4. Big Data, AI and machine learning
Data-driven HR has become a priority for 77% of executives, as mentioned in the Deloitte Global Human Capital Trends 2016 study. Through the use of advanced algorithms and automated data analysis, Machine Learning technology allows companies to handle large data sets, identify areas of improvement much faster than before, and benefit from real-time dashboarding solutions. Efficient data measurement and analysis allows for improved performance in multiple areas: recruiting, sales performance, compliance, productivity, and retention. Some examples show how this applies in the field:
Measuring and analyzing the complex interactions of sales behaviors by using a systematic approach allowed a company like HP to create top-performing sales teams.

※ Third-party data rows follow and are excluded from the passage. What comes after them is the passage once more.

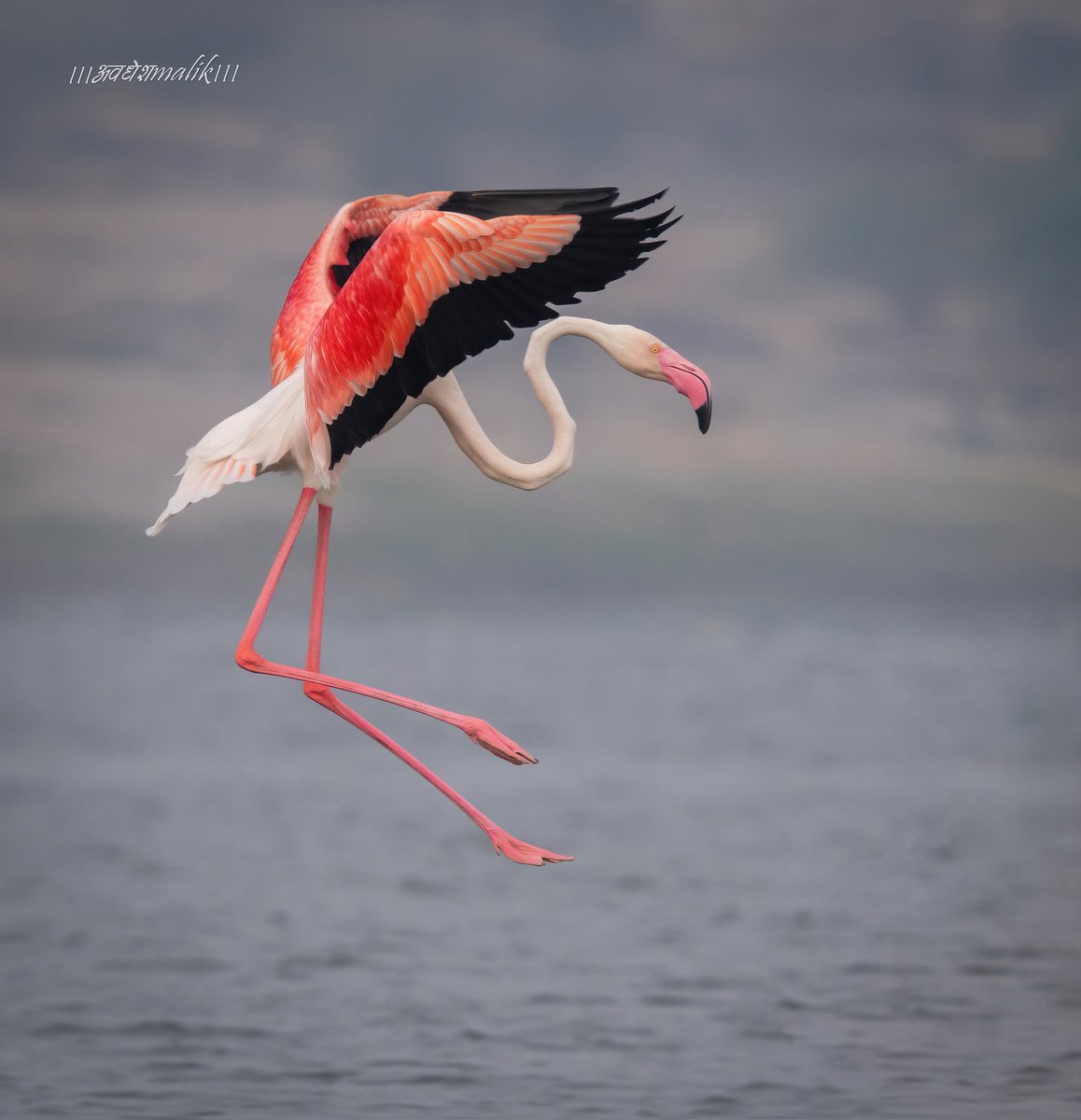 'Landing gear deployed'..
Greater Flamingo ... 
.
.
....
.
.
.
.
...
@IndiAves
#BirdsOfTwitter
#birdwatching 
#birdphotography 
#indianphotography
#picturebook #picoftheday
#nature #lakers #Maharashtra
#naturelovers #wetlands
#birding #rivers #birdsofindia
#IndiWild #IndianBirds
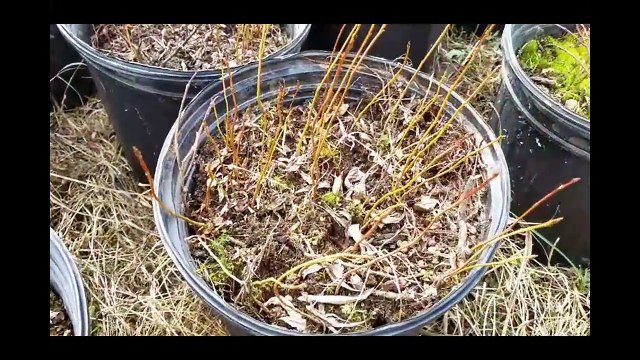 First domesticated HUCKLEBERRY species. Documenting the growth for a year.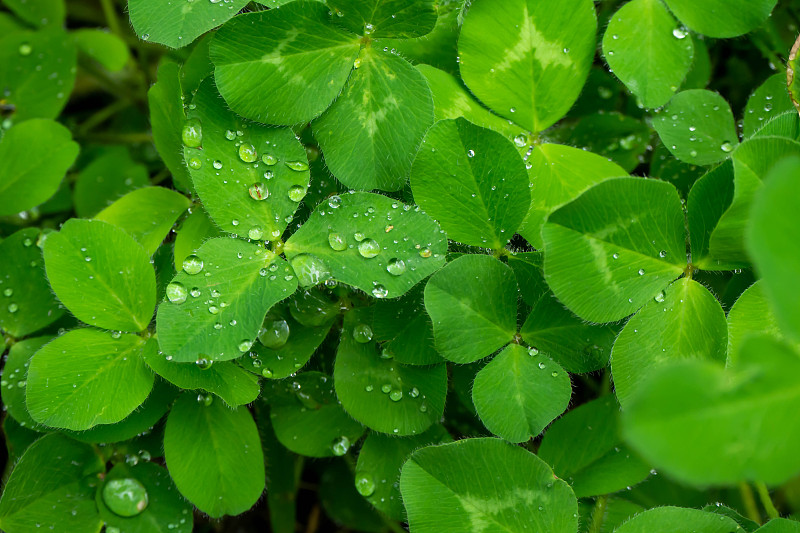 白三叶草在雨中湿了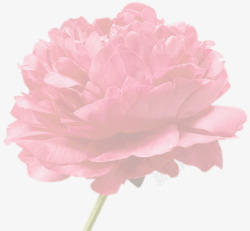 粉色模糊创意花朵素材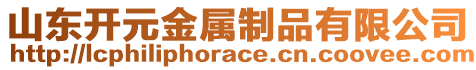 山東開元金屬制品有限公司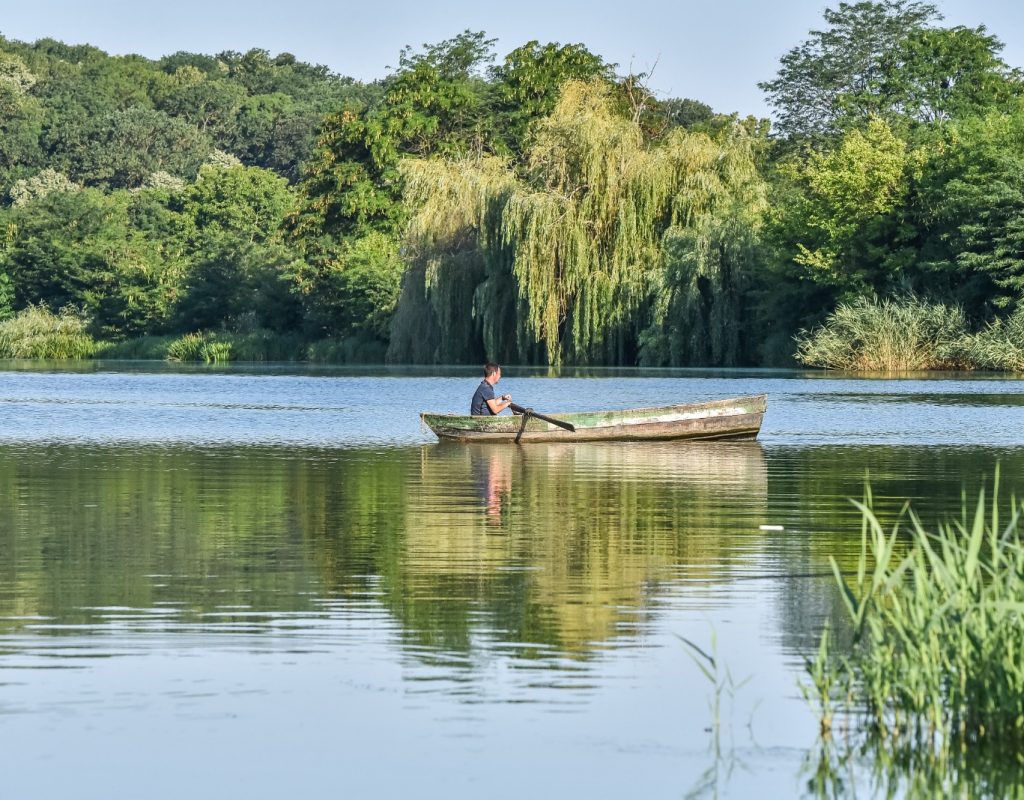 WhatsApp Image 2023-07-17 at 16.02.04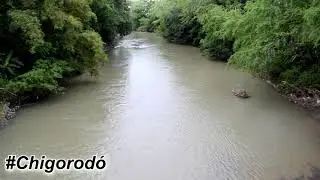 ¿Conoces Chigorodó? acá te mostramos un poco.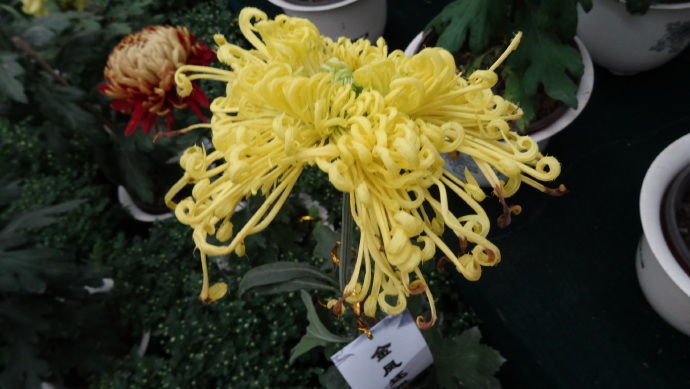 想养花种草,试试金凤还巢,花开美颜似金凤飞舞,花姿高贵优雅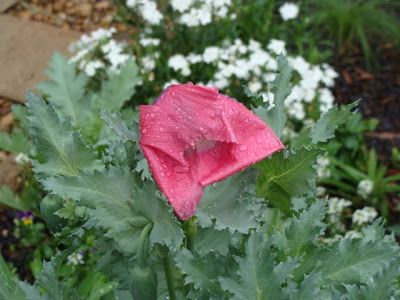 Proven Winners Colorchoice Plant Of The Week 2016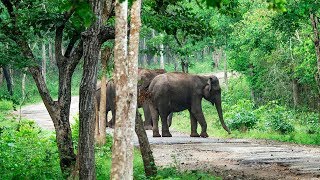 preview picture of video 'സൂക്ഷിക്കണം നാഗർഹോളെ ചെക്പ്പോസ്റ്റ് വഴി പോകുമ്പോൾ Elephants crossingroads #manukadakkodamphotography'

Today, most companies evaluate HR processes - like annual appraisals - poorly, since they cost too much and are not efficient enough in delivering the needed incremental performance. Accenture is one company that has already replaced its annual review process by a process including machine learning assessment. That approach helps eliminate emotional biases from managers reviews and helps employees to focus on objectives rather than fearing their boss's mood of the day.
Looking at top performing employees and benchmarking their ‘meta data’ (which is the volume of emails, time spent in meetings, time on the phone, etc.) with the data from poor performing colleagues and identifying patterns helped companies to improve performance.
Companies like Google and Facebook already have an in-house personnel analytics team in charge of analyzing the flow of data and providing strategic input. If your company has no in-house capabilities, consulting companies like McKinsey are ready to help.
What would you analyze first if you had internal tools to help you better understand what’s happening in your company?
5. VR and augmented reality
Virtual reality is becoming mainstream in gaming, but it also is starting to have an impact in the workplace with VR training apps. Imagine that you could simulate customers’ behaviour and train your sales force or customer support team for any type of situation they might encounter, all while having fun. That would be great, wouldn’t it? And it shouldn’t be limited to customer contact. You can also develop new products like Ford did in recent years, and have your customers test your company’s products before even building them, or allow your team from around the world to collaborate and solve problems better without having to travel. On the HR side, it will offer new possibilities for recruitment by measuring candidates reactions under specific circumstances, and accelerate the process of new employees coming onboard by having them visit your facilities from a distance or receive training from virtual colleagues.
Most of these technologies already exist and show clear performance improvements in companies adopting them. If your competitors are not yet using them, it is just a matter of time before they are. In the L&D area, you still have the opportunity to implement new tools that can improve employee motivation and engagement.